Hewlett Packard Enterprise (HPE) has a relatively short trading history, but we can still draw some conclusions and make a technical forecast. Let's dig into the charts and indicators this morning and see what we can glean.
In this daily bar chart of HPE, above, we can see that prices have been moving from the lower left to the upper right -- in other words, an uptrend. HPE is above the rising 50-day moving average line and the rising 200-day moving average line. The 200-day average was successfully tested in March. From November through late April, HPE was in a sideways consolidation pattern bounded by $16.50 and $18.50. Prices broke out on the upside from this "rectangle" at the end of April and recently retested the top of the pattern.
The daily On-Balance-Volume (OBV) line has followed the same path as prices -- rising from last May to September then turning neutral and rising again from March. One indicator to keep an eye on is the momentum study, which now shows a small bearish divergence to the price action in April and May. As prices have risen these past two months, the pace of the rally has slowed.

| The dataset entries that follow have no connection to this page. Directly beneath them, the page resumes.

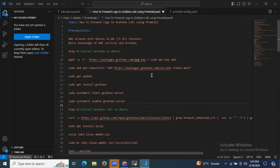Hello guys, so in this session we will learn how to forward logs to Grafana Loki using Promtail. Grafana Loki is a powerful tool for indexing system logs and visualizing them on a dashboard. Unlike traditional log aggregators, Loki indexes only the labels of logs, reducing the processing and storage overhead. Promtail, similar to Prometheus, serves as a log collector for Loki, forwarding log labels to Grafana Loki for indexing.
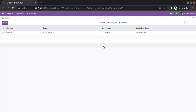Hello, good morning all. Today in this video we are going to discuss how to add a many-to-many field in Odoo 16. Currently on screen you are seeing Odoo version 16 community edition where we are continuing our Odoo 16 development tutorials.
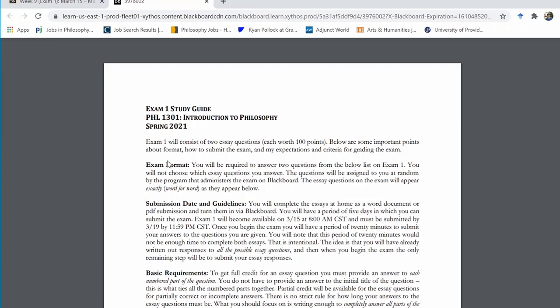The format for each exam is that you respond to two essay prompts. During exam week, the program on Blackboard that administers the exam will become available to you. When you open up that program, it is going to give you two randomly selected essay questions from the study guide.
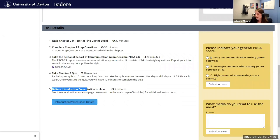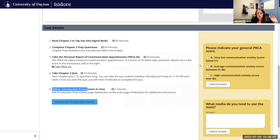Here, by the way, is also an example of the survey style question that you can add. This is called the questions tool. You just click on add content, add question, and you type in your question and the answers.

In this weekly bar chart of HPE, above, we can see that the 40-week moving average line has a positive slope. The weekly OBV line has risen with the price action and tells us that buyers of HPE have been more aggressive. In the lower panel we can see a fresh crossover buy signal from the Moving Average Convergence Divergence (MACD) oscillator.
In this Point and Figure chart of HPE, above, we can see how prices broke out at $18.60. The measurement or count from the consolidation pattern gives us a potential price target of $23.70.
Bottom line: HPE looks like it is heading higher. Longs should risk a close below $18.00 looking for gains to around $24.